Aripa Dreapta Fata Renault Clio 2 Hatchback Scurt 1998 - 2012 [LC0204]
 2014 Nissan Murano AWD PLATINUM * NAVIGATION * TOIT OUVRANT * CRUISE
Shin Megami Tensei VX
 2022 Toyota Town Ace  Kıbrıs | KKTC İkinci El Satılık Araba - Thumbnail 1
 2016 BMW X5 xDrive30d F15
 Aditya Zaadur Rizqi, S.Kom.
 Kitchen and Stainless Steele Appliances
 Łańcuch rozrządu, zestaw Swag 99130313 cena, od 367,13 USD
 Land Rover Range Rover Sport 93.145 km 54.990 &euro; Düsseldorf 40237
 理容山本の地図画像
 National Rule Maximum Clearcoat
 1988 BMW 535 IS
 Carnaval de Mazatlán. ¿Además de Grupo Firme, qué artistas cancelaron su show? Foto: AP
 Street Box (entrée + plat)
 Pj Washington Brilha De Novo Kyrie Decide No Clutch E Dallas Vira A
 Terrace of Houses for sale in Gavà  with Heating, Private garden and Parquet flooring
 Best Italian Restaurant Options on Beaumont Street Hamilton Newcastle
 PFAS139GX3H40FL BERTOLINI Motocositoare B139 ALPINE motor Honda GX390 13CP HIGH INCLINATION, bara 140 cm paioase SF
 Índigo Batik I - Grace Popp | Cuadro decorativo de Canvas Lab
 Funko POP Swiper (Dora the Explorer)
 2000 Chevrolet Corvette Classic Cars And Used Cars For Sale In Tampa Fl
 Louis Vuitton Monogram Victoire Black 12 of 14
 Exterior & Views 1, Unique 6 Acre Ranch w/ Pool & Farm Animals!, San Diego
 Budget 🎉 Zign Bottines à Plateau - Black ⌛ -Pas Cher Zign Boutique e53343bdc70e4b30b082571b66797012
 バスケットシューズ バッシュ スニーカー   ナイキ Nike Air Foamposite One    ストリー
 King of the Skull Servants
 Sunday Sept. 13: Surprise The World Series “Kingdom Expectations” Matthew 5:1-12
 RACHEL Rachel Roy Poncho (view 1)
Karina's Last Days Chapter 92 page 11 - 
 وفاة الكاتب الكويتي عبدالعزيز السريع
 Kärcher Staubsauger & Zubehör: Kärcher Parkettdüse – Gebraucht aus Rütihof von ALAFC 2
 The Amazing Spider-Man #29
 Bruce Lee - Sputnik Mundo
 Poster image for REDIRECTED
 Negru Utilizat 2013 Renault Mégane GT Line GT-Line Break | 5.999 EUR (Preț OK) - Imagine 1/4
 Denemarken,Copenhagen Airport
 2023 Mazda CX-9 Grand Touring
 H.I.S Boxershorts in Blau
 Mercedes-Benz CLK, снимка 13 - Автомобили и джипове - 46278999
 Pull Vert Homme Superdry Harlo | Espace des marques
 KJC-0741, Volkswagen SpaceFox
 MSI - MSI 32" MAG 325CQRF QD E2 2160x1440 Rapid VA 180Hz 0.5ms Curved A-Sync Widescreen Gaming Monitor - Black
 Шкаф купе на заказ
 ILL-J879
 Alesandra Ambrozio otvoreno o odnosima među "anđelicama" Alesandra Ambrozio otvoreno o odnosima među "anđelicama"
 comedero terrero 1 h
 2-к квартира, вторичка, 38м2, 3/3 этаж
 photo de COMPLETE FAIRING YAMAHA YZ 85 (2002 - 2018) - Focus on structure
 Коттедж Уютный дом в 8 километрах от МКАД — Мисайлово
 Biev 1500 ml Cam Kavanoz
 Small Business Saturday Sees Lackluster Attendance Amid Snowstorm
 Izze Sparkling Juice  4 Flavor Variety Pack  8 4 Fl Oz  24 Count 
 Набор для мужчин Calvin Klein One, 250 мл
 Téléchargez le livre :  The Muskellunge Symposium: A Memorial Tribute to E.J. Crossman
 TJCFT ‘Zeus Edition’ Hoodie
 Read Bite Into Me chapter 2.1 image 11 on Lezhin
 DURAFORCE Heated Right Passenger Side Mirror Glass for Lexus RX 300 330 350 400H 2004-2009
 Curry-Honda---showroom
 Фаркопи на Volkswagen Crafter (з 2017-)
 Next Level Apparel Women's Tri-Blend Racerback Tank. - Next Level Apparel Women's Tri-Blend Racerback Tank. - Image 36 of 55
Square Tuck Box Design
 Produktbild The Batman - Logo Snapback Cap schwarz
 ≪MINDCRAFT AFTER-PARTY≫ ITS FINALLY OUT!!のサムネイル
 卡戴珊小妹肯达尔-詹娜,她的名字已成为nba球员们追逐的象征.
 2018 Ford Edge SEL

----------

*BRIEF:* Copy each line in the entries above where the word "Renault" shows up.

*ANSWER SPACE:*
Aripa Dreapta Fata Renault Clio 2 Hatchback Scurt 1998 - 2012 [LC0204]
 Negru Utilizat 2013 Renault Mégane GT Line GT-Line Break | 5.999 EUR (Preț OK) - Imagine 1/4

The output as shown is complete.